### [WORK TO BE COMPLETED]
From the material below, return exactly the lines starting at the one that holds "africano americano professor" and ending at the one that holds "Used SET FOR UROLOGICAL LAPAROTOMY". Pictures stay out of the answer.

### [RECORDS FOR PROCESSING]
=== Section Start ===

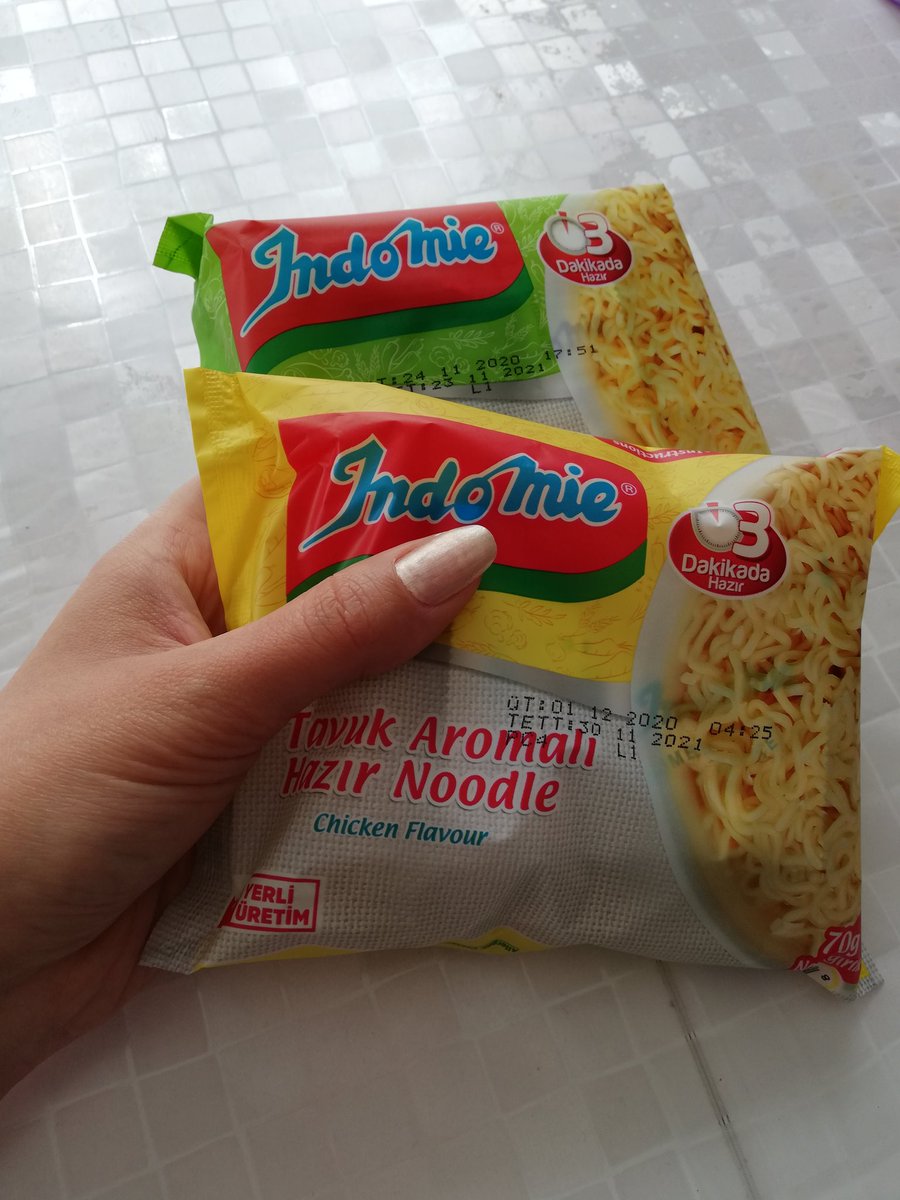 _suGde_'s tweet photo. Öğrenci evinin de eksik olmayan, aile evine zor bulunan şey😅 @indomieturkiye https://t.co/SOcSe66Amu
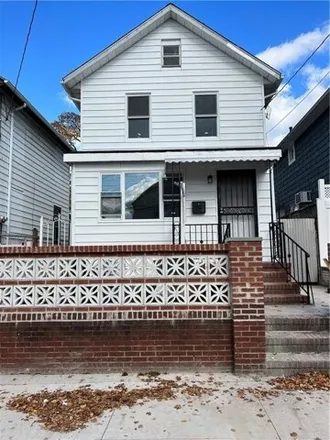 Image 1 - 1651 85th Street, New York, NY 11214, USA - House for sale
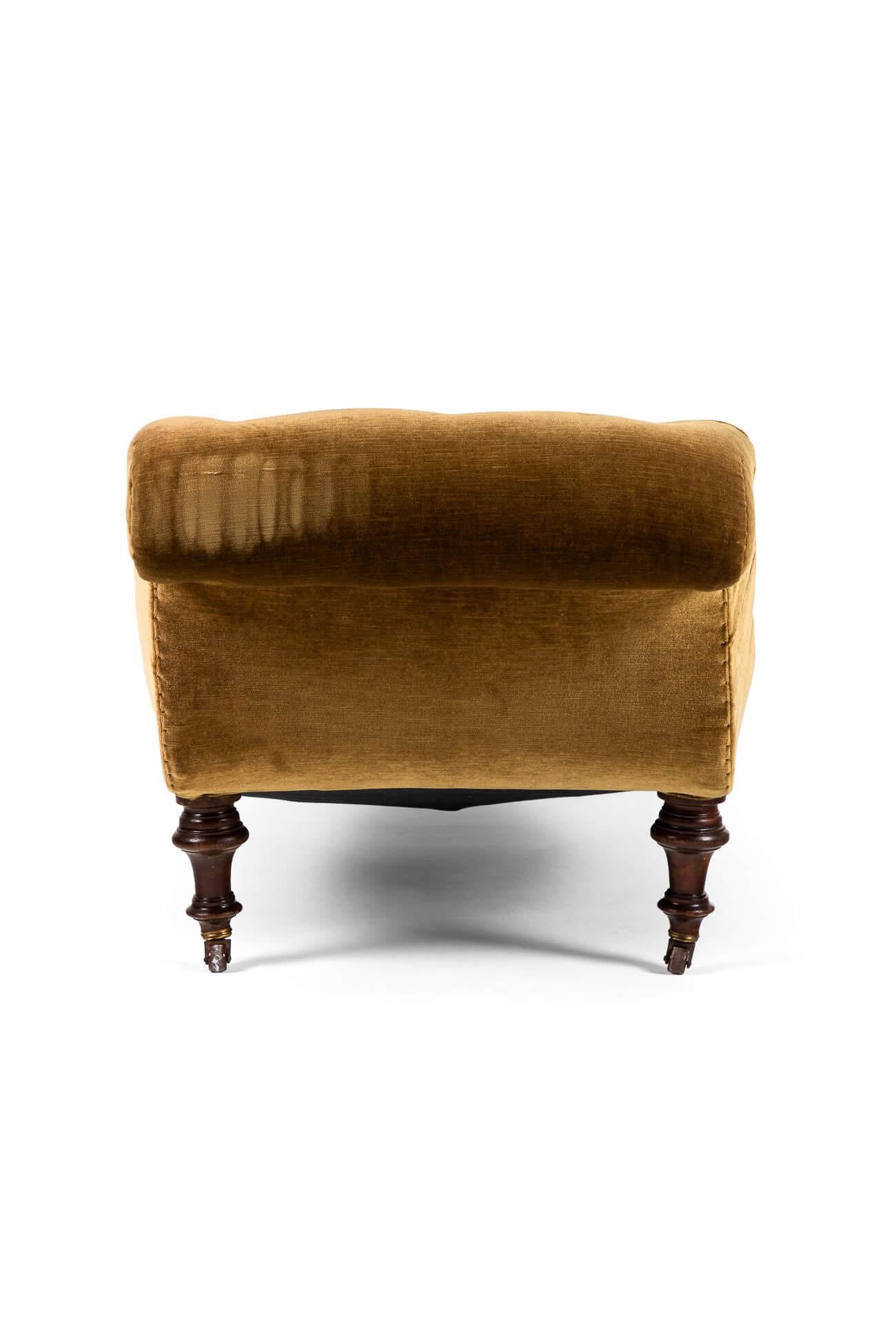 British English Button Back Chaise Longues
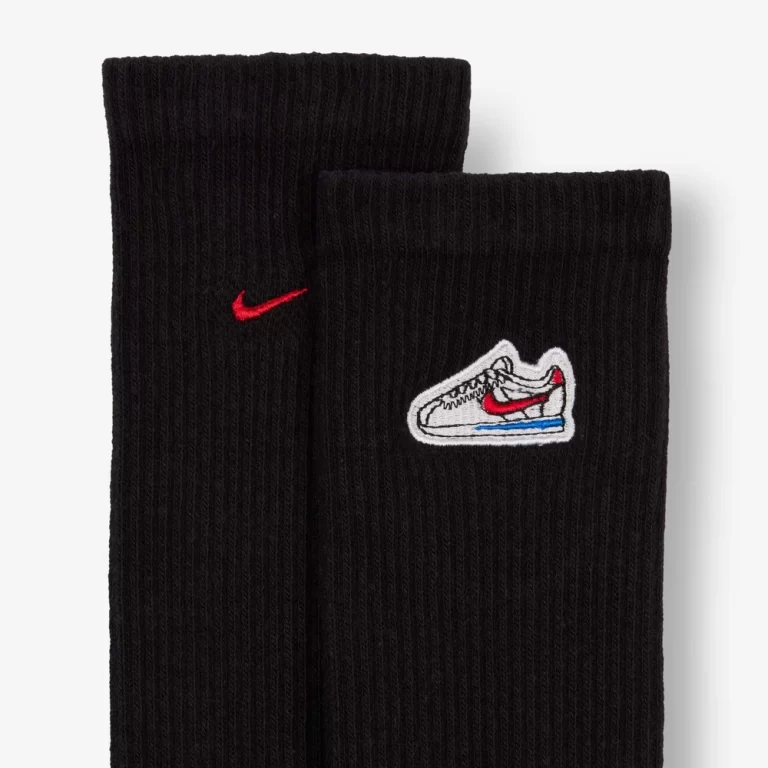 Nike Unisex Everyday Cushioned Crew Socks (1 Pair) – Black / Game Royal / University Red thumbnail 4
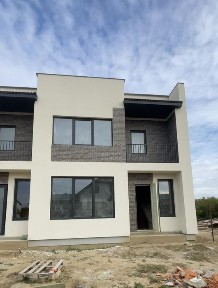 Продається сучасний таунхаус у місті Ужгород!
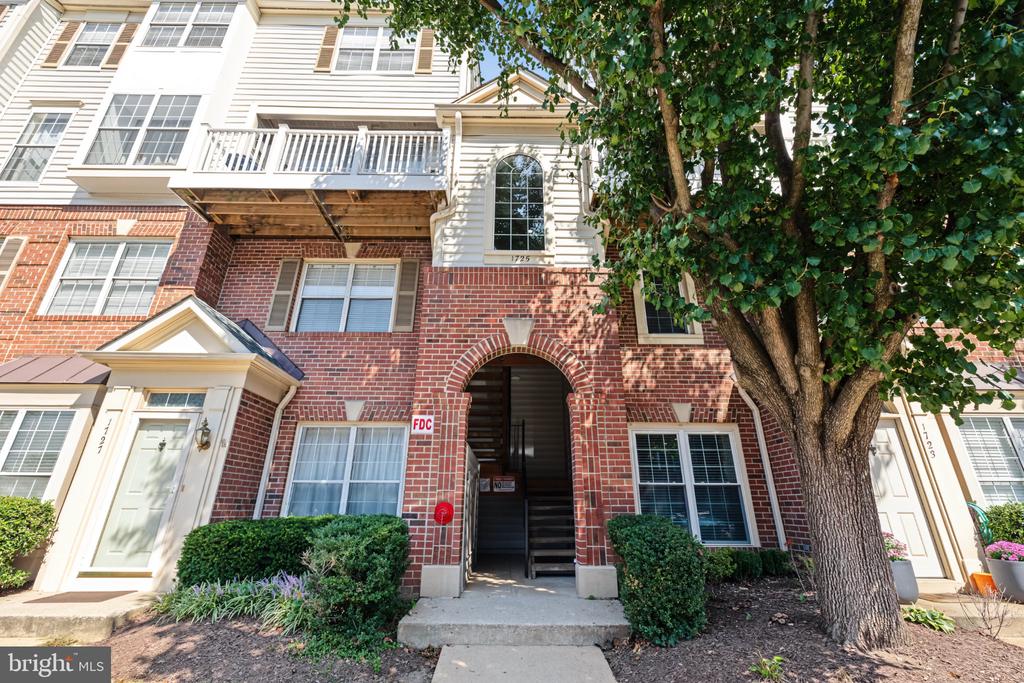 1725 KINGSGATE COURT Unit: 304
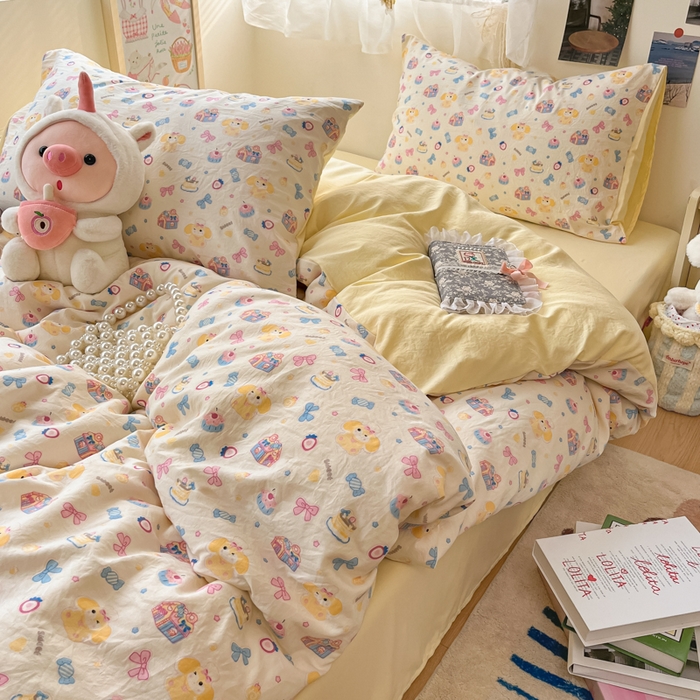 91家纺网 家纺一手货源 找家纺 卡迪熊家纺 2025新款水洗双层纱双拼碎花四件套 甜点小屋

=== Section End ===
=== Section Start ===

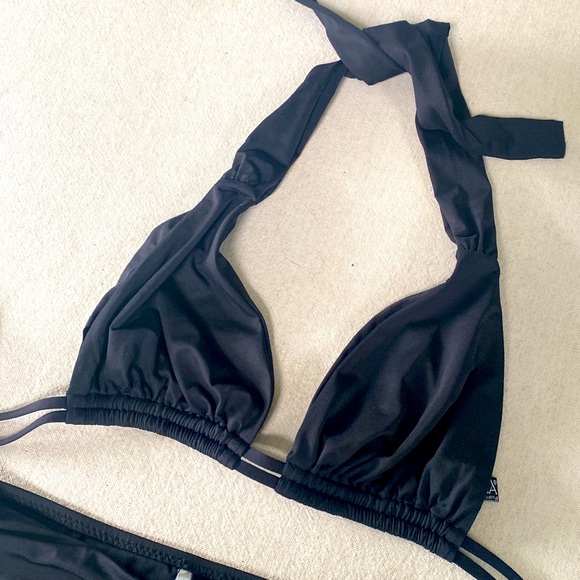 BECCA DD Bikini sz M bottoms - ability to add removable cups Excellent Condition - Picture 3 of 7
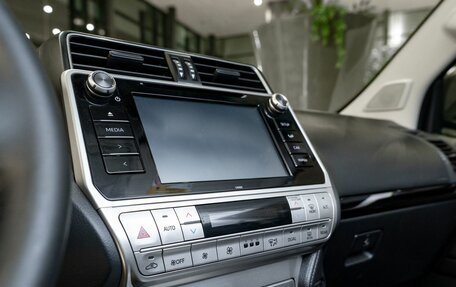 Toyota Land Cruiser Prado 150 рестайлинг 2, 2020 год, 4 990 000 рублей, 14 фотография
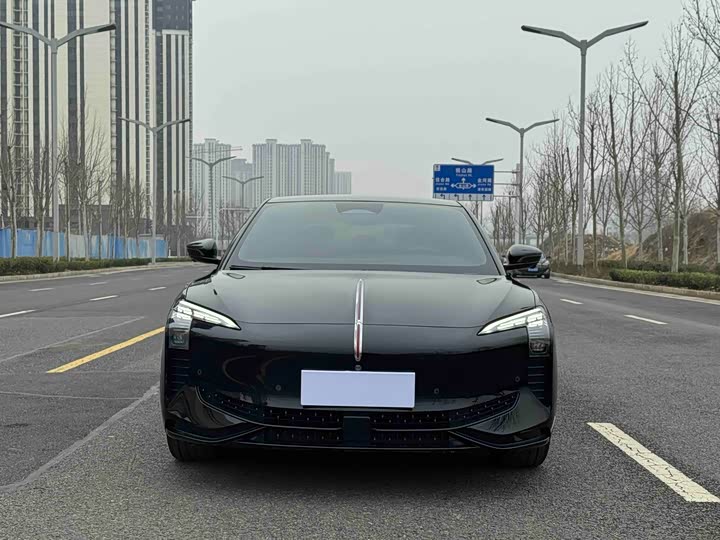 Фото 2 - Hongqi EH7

=== Section End ===
=== Section Start ===

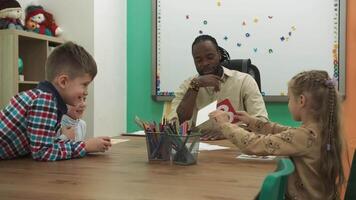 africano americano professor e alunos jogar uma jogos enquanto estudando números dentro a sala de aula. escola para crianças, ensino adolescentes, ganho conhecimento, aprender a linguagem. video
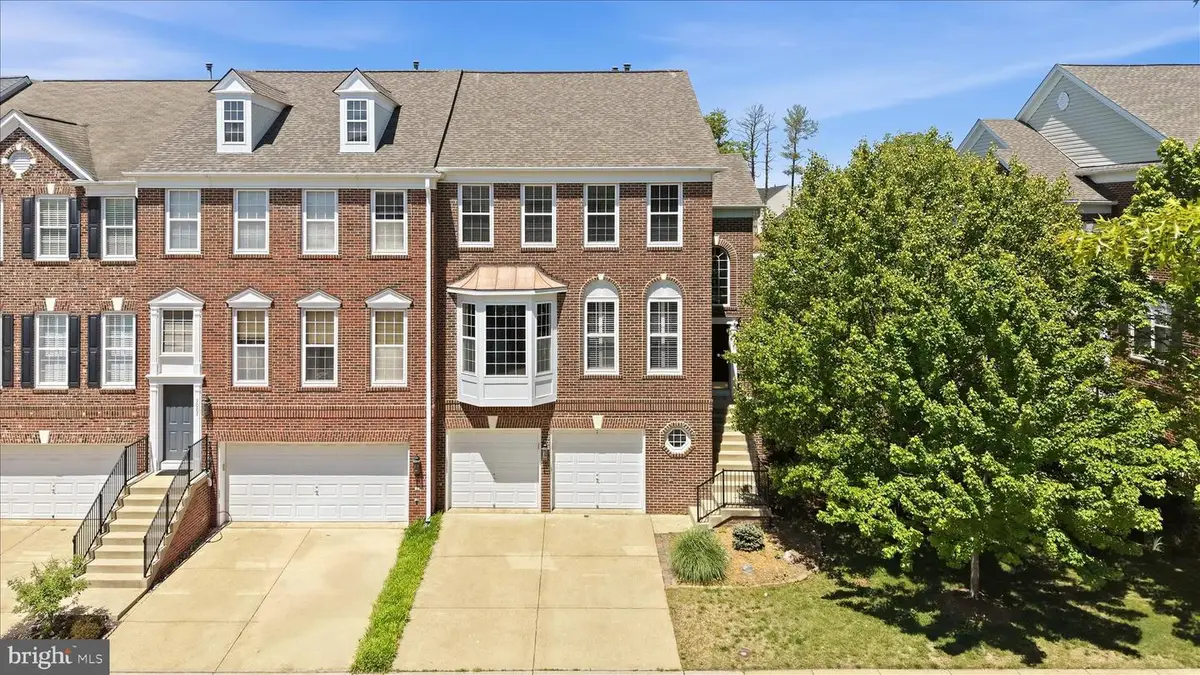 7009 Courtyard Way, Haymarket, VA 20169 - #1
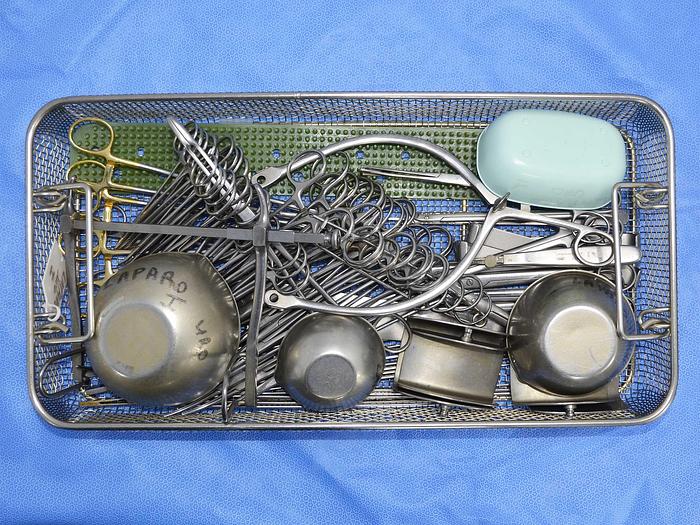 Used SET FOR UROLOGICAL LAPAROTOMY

=== Section End ===

### [TASK RESPONSE]
 africano americano professor e alunos jogar uma jogos enquanto estudando números dentro a sala de aula. escola para crianças, ensino adolescentes, ganho conhecimento, aprender a linguagem. video
 7009 Courtyard Way, Haymarket, VA 20169 - #1
 Used SET FOR UROLOGICAL LAPAROTOMY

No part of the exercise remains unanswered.